New York Supreme and/or Appellate Courts SUPREME COURT, APPELLATE TERM, SECOND DEPARTMENT, 9th and 10th JUDICIAL DISTRICTS


June 13, 2012

THE PEOPLE OF THE STATE OF NEW YORK,
APPELLANT,
v.
JEFF ROSELIEN,
RESPONDENT.

Appeal from an order of the Justice Court of the Town of Woodbury, Orange County (David L. Levinson, J.), dated April 13, 2011.

People v Roselien (Jeff)

Appellate Term, Second Department

Published by New York State Law Reporting Bureau pursuant to Judiciary Law § 431.

This opinion is uncorrected and will not be published in the printed Official Reports.

Decided on June 13, 2012

PRESENT: NICOLAI, P.J., LaCAVA and IANNACCI, JJ

The order granted defendant's motion to vacate a judgment convicting him, upon his plea of guilty, of petit larceny.

ORDERED that the order is reversed, on the law, and the matter is remitted to the Justice Court for a determination de novo, following a hearing, of defendant's motion to vacate the judgment of conviction.

In 2009, a judgment was entered convicting defendant, upon his plea of guilty, of petit larceny (Penal Law § 155.25). In 2011, defendant moved, pursuant to CPL 440.10, to vacate the judgment of conviction on the ground that he had received the ineffective assistance of counsel because his attorney had failed to advise him regarding the immigration consequences of his guilty plea. By order dated April 13, 2011, the Justice Court, without holding a hearing, granted defendant's motion. This appeal by the People ensued.

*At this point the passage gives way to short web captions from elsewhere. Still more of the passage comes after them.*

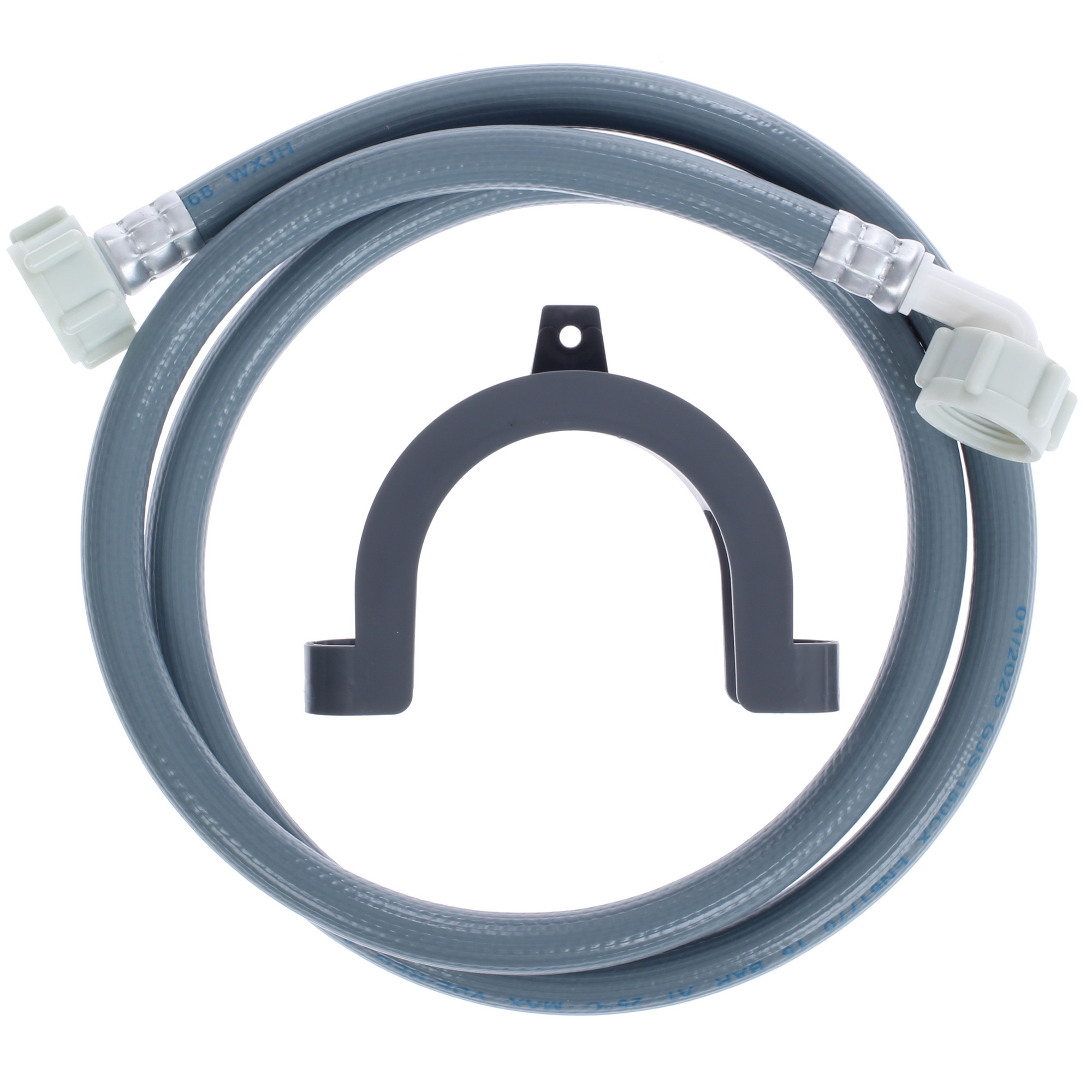 9290897 Стирально-сушильная машина Candy C47D 4106MBSW-07 белый STDN-0101365 - Вид №10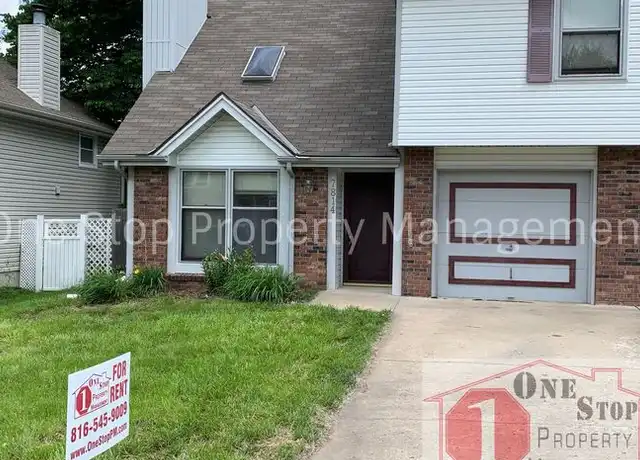 Property at 7814 NW 79th Pl, Kansas City, MO, 64152, 2 beds, 1.5 baths, [object Object]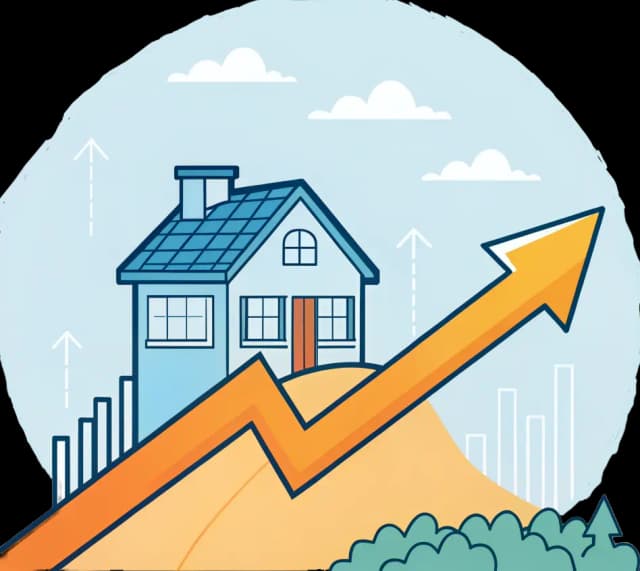 Woningwaardering banner afbeelding
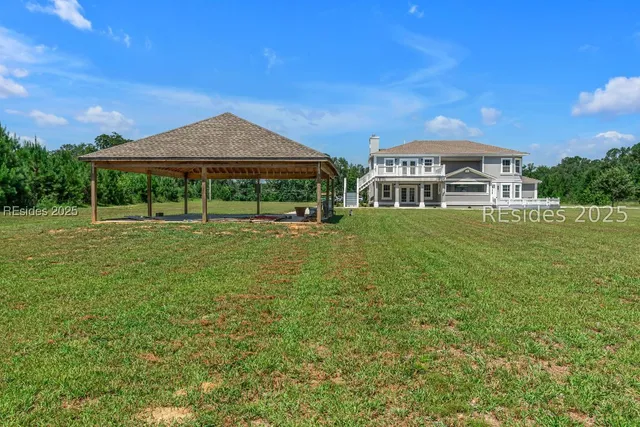 $1,100,000 | 306 Robertville Loop, Garnett, SC 29922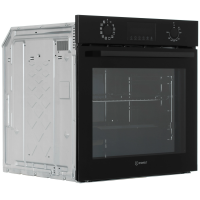 Духовой шкаф электрический Indesit IBFTE 3841 J BL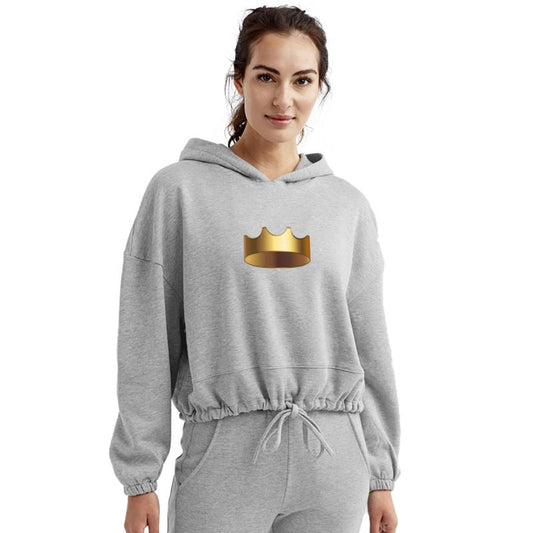 VIP Royal golden crown King monarch vector image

In People v Nunez (30 Misc 3d 55 [App Term, 9th & 10th Jud Dists 2010]), this court ruled that the holding of Padilla v Kentucky (559 US , 130 S Ct 1473 [2010]) - - that a defense counsel must inform his client, at the very least, that immigration consequences may result from his guilty plea - - applies retroactively. A review of the record indicates that defendant's affidavits in support of his CPL 440.10 motion to vacate the judgment of conviction demonstrate the existence of an issue of fact as to whether his attorney failed to advise him regarding the immigration consequences of his pending guilty plea. Consequently, a proper determination of the motion called for the making of factual findings, which required a hearing (see CPL 440.30 [5]).

Accordingly, the order is reversed and the matter is remitted to the Justice Court for a determination de novo, following a hearing, of defendant's motion to vacate the judgment of conviction.

Nicolai, P.J., LaCava and Iannacci, JJ., concur.